The Local Government Association of Queensland (LGAQ) has criticised the Newman Government after it moved to continue the practice of Councils funding the gap between what developers are required to pay towards new urban infrastructure and the real costs.

LGAQ President Margaret de Wit said that while the Newman Government had opted not to cut the maximum infrastructure charge that councils could levy on developers, it had effectively told councils their ratepayers would have to continue to foot a large part of the bill for helping developers turn a profit.

“Developer charges cover less than 70 percent of the full cost of building this infrastructure.

“The rest is paid for by council and, ultimately, the ratepayers.

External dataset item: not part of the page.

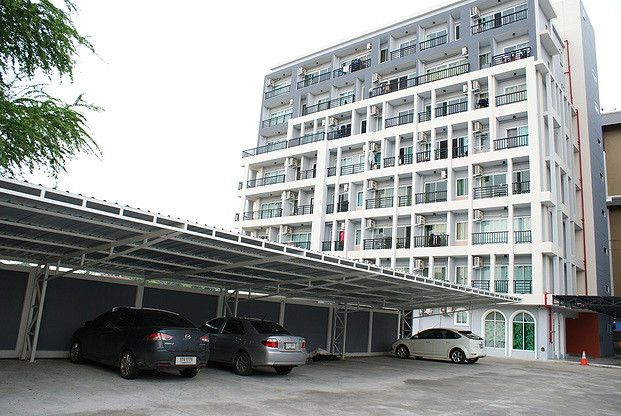 Condo — photo 1
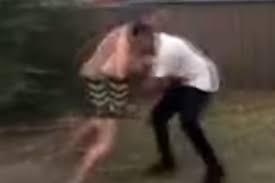 Jovem morre em desafio de correr em direção ao outro; VÍDEO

“If those maximum charges are not indexed to cover rising costs, that gap will only become greater.

“We welcome the Government’s move to co-invest with councils to fund some of the infrastructure needed for new residential and commercial development.

“However, without knowing any of the detail of what is on offer, it would appear the Government has taken one step forward in assisting a handful of councils but has asked many other councils to take two steps back.’’

Councillor de Wit said that this decision denies councils the opportunity to recover from the rising cost of asset management, and that local councils are already assisting the property industry as best they currently can.

“But most councils simply cannot afford to give developers more and more of a leg up at their ratepayers’ expense.’’

She said the Government was rightly concerned about reining in the state’s debt but this decision would only force many councils to borrow more to build.

“That outcome is exactly the opposite of what the Government says it is aiming for.”